Ride quality & brakes

Next up: Engine
3 out of 5 (3/5)

The CR6 is slim, low and unintimidating. Ignore the way-out 870mm seat height that’s listed on Horwin’s website – our tape measure shows the café-racer saddle sits a perfectly manageable 815mm high. Overall the CR6’s proportions are comparable to a 125: compact, but not too cramped for a 5ft 9in rider. In fact, at 134kg it’s actually lighter than a KTM 125 Duke.

At city speeds the chassis is very well balanced. Plentiful steering lock gives a turning circle that feels as tight as a trials bike, while a low centre of gravity means feet-up, full-lock figure-of-eights are a piece of cake.

Outside of the urban jungle, the basic nature of the chassis is more obvious. Upside-down forks and the monoshock rear feel a touch crude but give a reasonable ride quality. Cast 17-inch wheels wear CST (Cheng Shin Tire) rubber in ultra-skinny sizes – just 100 front and a 120 rear – with a slightly retro tread pattern. Brakes lack ABS but are instead linked: pulling the brake lever operates two of the front caliper’s three pistons; the third moves when you step on the rear brake pedal. Strangely, the front brake pads appear to make contact with only half the front disc’s surface, suggesting the stopping power would be better if the caliper was positioned differently.


Next up: Reliability
3 out of 5 (3/5)

Horwin claim the CR6’s air-cooled electric motor makes 8bhp, or around half a typical 125cc petrol bike. Top speed is 60mph on the digital display, which proves to be a GPS-tested 54mph. So, while it can nibble away at empty backroads, the Horwin’s primary purpose is nipping around town. From a standing start it’s fairly brisk and willing, aided by being twist-and-go – no gears or clutch to interrupt things – with a smooth, eager delivery low-down.

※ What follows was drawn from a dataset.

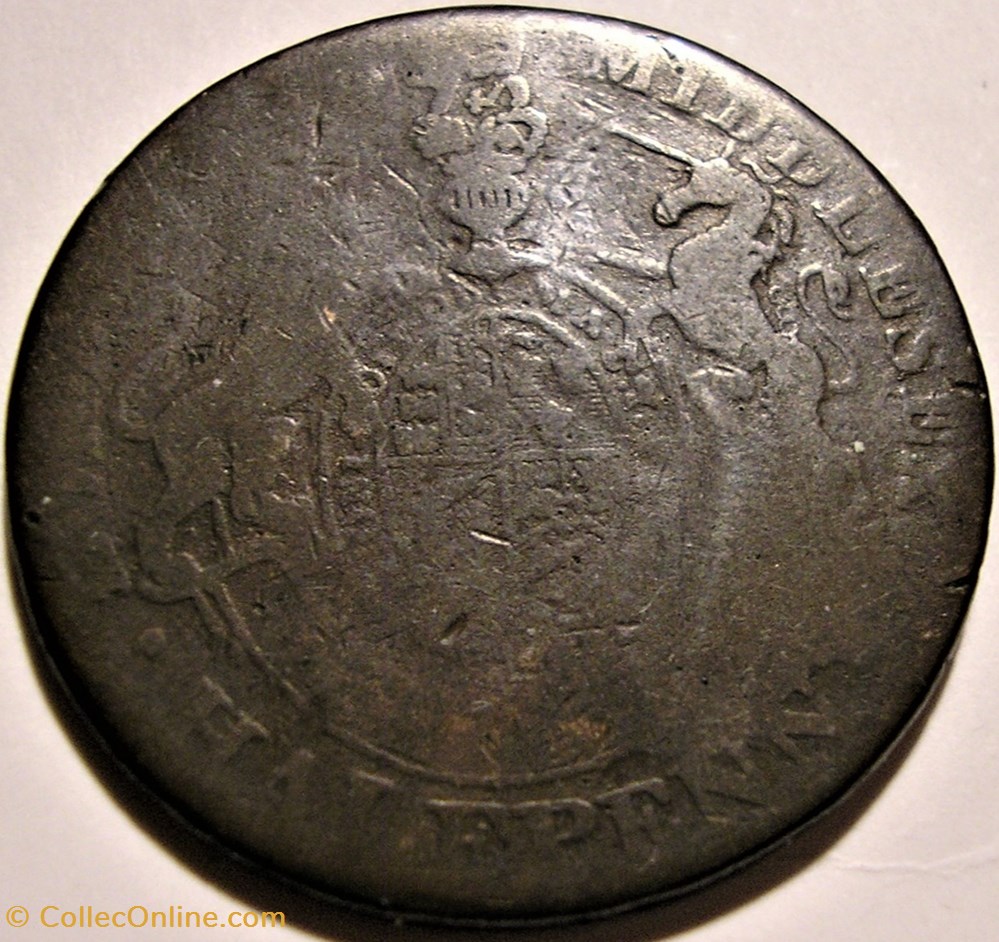 1787-1797 HalfPenny - George, Prince of Wales, Middlesex, England monnaie monde royaume uni 1787 1797 halfpenny george prince of wales middlesex england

However, be sure to take Horwin’s outrageous torque claim (around 200lb·ft) with a whole ocean of salt: that number is rated at the rear-wheel axle after being multiplied by gearing, giving a massively misleading implication of gruntiness. The motor itself actually makes 30lb-ft. On an open road it won’t keep with a sporty 125, but in the city the CR6 is plenty quick enough and incredibly easy with it.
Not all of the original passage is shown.